Directions for this task ▸ Please retype all of the records below word for word, leaving out any pictures.

★ ★ ★

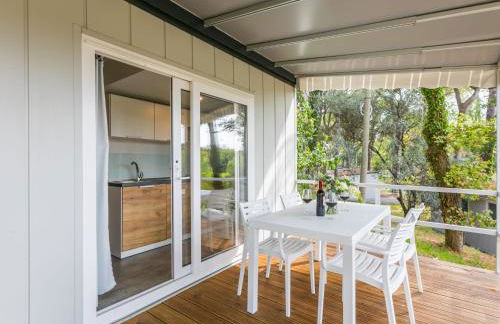 Holiday Home Adria Home - GDO203 by Interhome - Foto 37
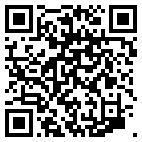 QR Code for Custom Scale in Plymouth, MA 02360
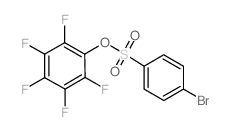 848649-38-7 structure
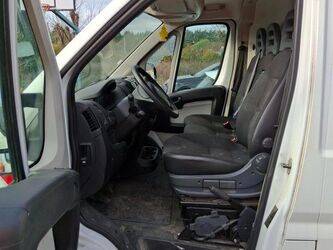 2017-citroen-jumper-1427988-45756559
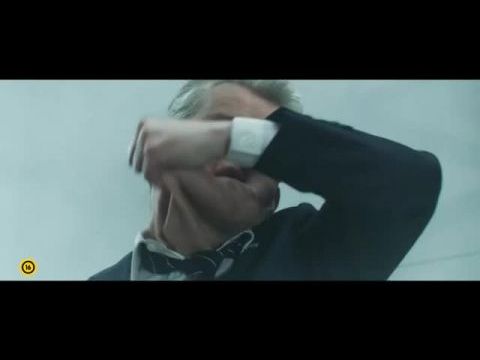 Mission: Impossible - A végső leszámolás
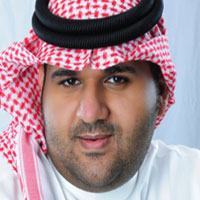 Nayef Al Nayef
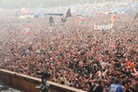 Przystanek-Woodstock-2014-Festival-Life-Rasmus 3558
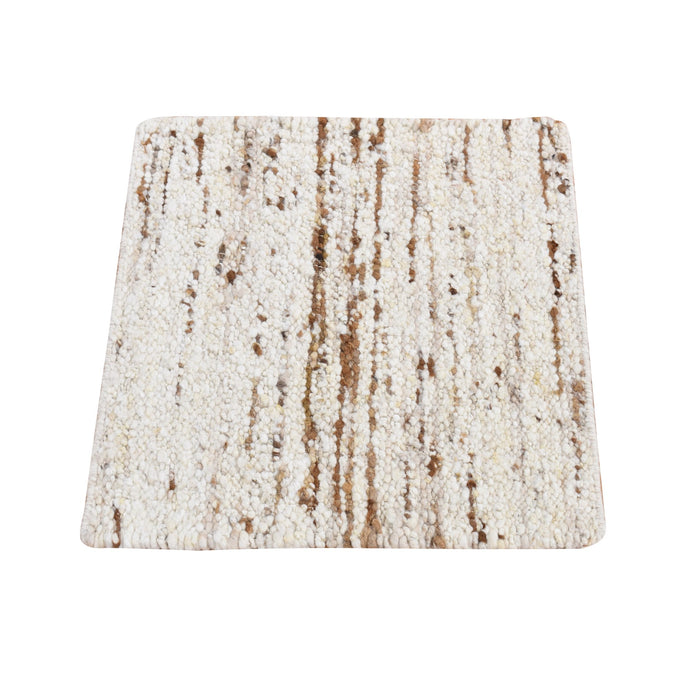fine wool rugs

★ ★ ★

Your solution ▸
 Holiday Home Adria Home - GDO203 by Interhome - Foto 37
 QR Code for Custom Scale in Plymouth, MA 02360
 848649-38-7 structure
 2017-citroen-jumper-1427988-45756559
 Mission: Impossible - A végső leszámolás
 Nayef Al Nayef
 Przystanek-Woodstock-2014-Festival-Life-Rasmus 3558
fine wool rugs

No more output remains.